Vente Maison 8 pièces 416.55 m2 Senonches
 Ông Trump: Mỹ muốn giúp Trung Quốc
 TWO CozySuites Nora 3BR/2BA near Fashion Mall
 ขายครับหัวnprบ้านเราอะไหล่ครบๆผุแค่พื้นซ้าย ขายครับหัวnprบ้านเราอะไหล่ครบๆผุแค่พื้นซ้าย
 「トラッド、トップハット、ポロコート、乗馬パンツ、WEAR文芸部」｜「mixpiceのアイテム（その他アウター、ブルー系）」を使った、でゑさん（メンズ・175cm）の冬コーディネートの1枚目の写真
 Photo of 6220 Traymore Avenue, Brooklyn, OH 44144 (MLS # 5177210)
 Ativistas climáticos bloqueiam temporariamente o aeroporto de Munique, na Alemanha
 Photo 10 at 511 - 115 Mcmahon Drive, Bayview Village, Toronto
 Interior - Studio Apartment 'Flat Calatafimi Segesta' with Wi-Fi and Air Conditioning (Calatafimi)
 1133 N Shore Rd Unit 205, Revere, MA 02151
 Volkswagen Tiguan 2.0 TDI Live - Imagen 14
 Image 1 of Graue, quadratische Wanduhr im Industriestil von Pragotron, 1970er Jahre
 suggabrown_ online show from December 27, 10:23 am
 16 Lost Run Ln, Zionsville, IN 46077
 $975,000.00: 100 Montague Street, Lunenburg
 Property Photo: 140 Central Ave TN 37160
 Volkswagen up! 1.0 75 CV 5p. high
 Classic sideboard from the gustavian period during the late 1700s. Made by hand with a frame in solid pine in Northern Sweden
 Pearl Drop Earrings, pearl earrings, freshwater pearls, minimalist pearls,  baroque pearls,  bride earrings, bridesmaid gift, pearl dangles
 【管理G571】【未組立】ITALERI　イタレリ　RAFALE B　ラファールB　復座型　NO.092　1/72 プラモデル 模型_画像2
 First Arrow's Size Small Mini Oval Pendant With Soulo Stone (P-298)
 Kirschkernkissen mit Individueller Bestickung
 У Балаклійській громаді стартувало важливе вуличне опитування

**Task goal:** A verbatim copy of all the records is to be produced.

**Completed task:**
Vente Maison 8 pièces 416.55 m2 Senonches
 Ông Trump: Mỹ muốn giúp Trung Quốc
 TWO CozySuites Nora 3BR/2BA near Fashion Mall
 ขายครับหัวnprบ้านเราอะไหล่ครบๆผุแค่พื้นซ้าย ขายครับหัวnprบ้านเราอะไหล่ครบๆผุแค่พื้นซ้าย
 「トラッド、トップハット、ポロコート、乗馬パンツ、WEAR文芸部」｜「mixpiceのアイテム（その他アウター、ブルー系）」を使った、でゑさん（メンズ・175cm）の冬コーディネートの1枚目の写真
 Photo of 6220 Traymore Avenue, Brooklyn, OH 44144 (MLS # 5177210)
 Ativistas climáticos bloqueiam temporariamente o aeroporto de Munique, na Alemanha
 Photo 10 at 511 - 115 Mcmahon Drive, Bayview Village, Toronto
 Interior - Studio Apartment 'Flat Calatafimi Segesta' with Wi-Fi and Air Conditioning (Calatafimi)
 1133 N Shore Rd Unit 205, Revere, MA 02151
 Volkswagen Tiguan 2.0 TDI Live - Imagen 14
 Image 1 of Graue, quadratische Wanduhr im Industriestil von Pragotron, 1970er Jahre
 suggabrown_ online show from December 27, 10:23 am
 16 Lost Run Ln, Zionsville, IN 46077
 $975,000.00: 100 Montague Street, Lunenburg
 Property Photo: 140 Central Ave TN 37160
 Volkswagen up! 1.0 75 CV 5p. high
 Classic sideboard from the gustavian period during the late 1700s. Made by hand with a frame in solid pine in Northern Sweden
 Pearl Drop Earrings, pearl earrings, freshwater pearls, minimalist pearls,  baroque pearls,  bride earrings, bridesmaid gift, pearl dangles
 【管理G571】【未組立】ITALERI　イタレリ　RAFALE B　ラファールB　復座型　NO.092　1/72 プラモデル 模型_画像2
 First Arrow's Size Small Mini Oval Pendant With Soulo Stone (P-298)
 Kirschkernkissen mit Individueller Bestickung
 У Балаклійській громаді стартувало важливе вуличне опитування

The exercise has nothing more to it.